Nel 1922 Tarzo e Corbanese stanno ancora sanando le ferite della Grande Guerra. Le provvidenze alle popolazioni invase erano finite e iniziative come la cooperativa di lavoro, quella di consumo e quella farmaceutica dopo un lusinghiero sviluppo si erano arenate per l’inesperienza di chi le gestiva e per contrasti politici.
Di fronte ad una miseria endemica, l’unica valvola di sfogo restava ancora una volta l’emigrazione. Quell’anno una quarantina di Tarzesi passò il “foss grando” arrivando in Argentina, dove speravano di trovare altri Tarzesi emigrati nell’anteguerra. Quale fu il loro inserimento?
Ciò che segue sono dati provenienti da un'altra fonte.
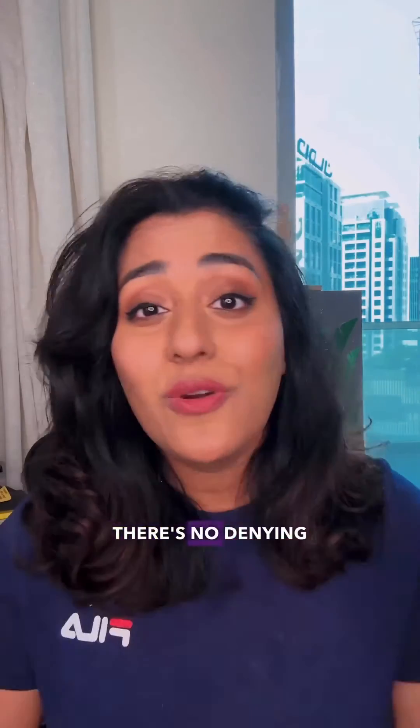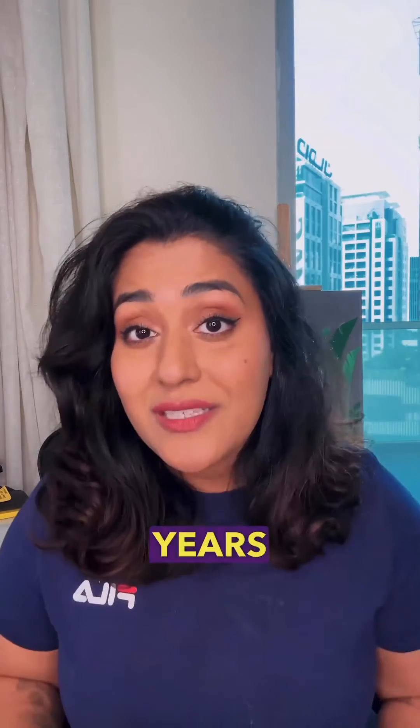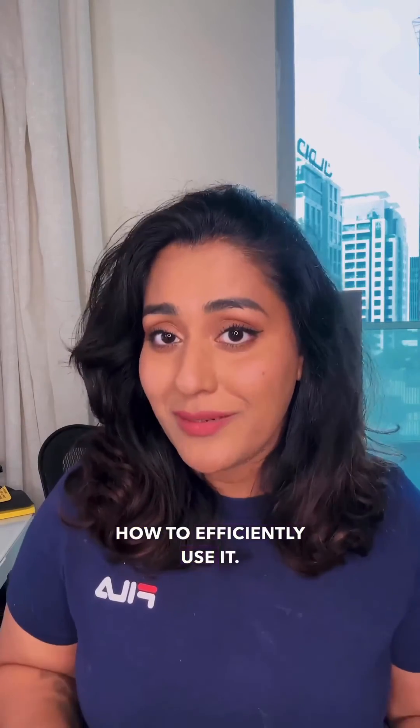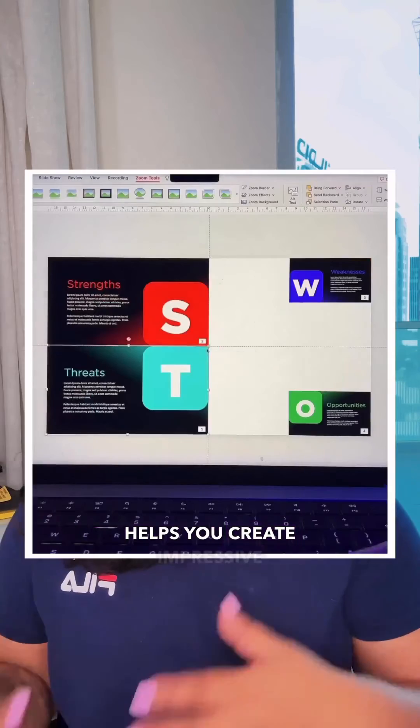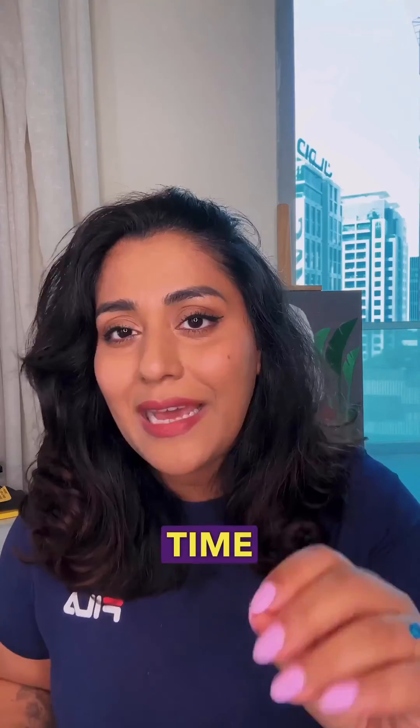Adobe tools are powerful — there's no denying that — but PowerPoint offers a much simpler learning curve. With Adobe, you can spend years learning how to efficiently use it. But PowerPoint helps you create impressive animations and presentations in a fraction of that time and cost.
Lo spiegarono trent’anni dopo due emigranti, Ernesto Pilat e Valentino Pancotto, rientrati in patria. Questa la loro testimonianza, raccolta da B. Sartori: “Trovammo miseria anche in Argentina. In un primo momento ci siamo rifugiati in un grande stanzone di una casa abbandonata. Dormivamo senza paglia, perché non avevamo i soldi per comprarla. Per l’illuminazione tutti ci siamo procurati una candela, ma all’occorrenza non veniva mai accesa per non favorire i furbi che la volevano risparmiare a spese degli altri. Quindi o completa oscurità o 40 lucignoli fumiganti! Per quanto riguarda il servizio di cucina e i cucinieri, al confronto quella militare durante la guerra era un vero albergo. Però su tutta quella indescrivibile confusione, su quella situazione così opprimente, su tante lacrime masticate, su scene a volte buffe, regnava sempre la fraternità paesana, sostenuta unicamente dalla speranza di trovare un lavoro. E infatti con molta pazienza, chi qua chi là, un po’ alla volta quasi tutti trovammo da lavorare nei paraggi di Buenos Aires”.
Nel corso dello stesso anno altri Tarzesi partirono per la Francia a ricostruire ponti, strade ed edifici distrutti dalla guerra. Ebbero maggior fortuna. In effetti l’emigrazione in Francia era meglio organizzata.
Alla stazione di arrivo un incaricato della ditta che aveva richiesto gli operai attendeva i trevigiani, provvedeva loro vitto e alloggio e, su richiesta, anticipava anche un po’ di vestiario. All’inizio i contratti erano limitati a 6 mesi, ma ciò era sufficiente per consentire agli emigranti di inviare a casa un po’ di denaro.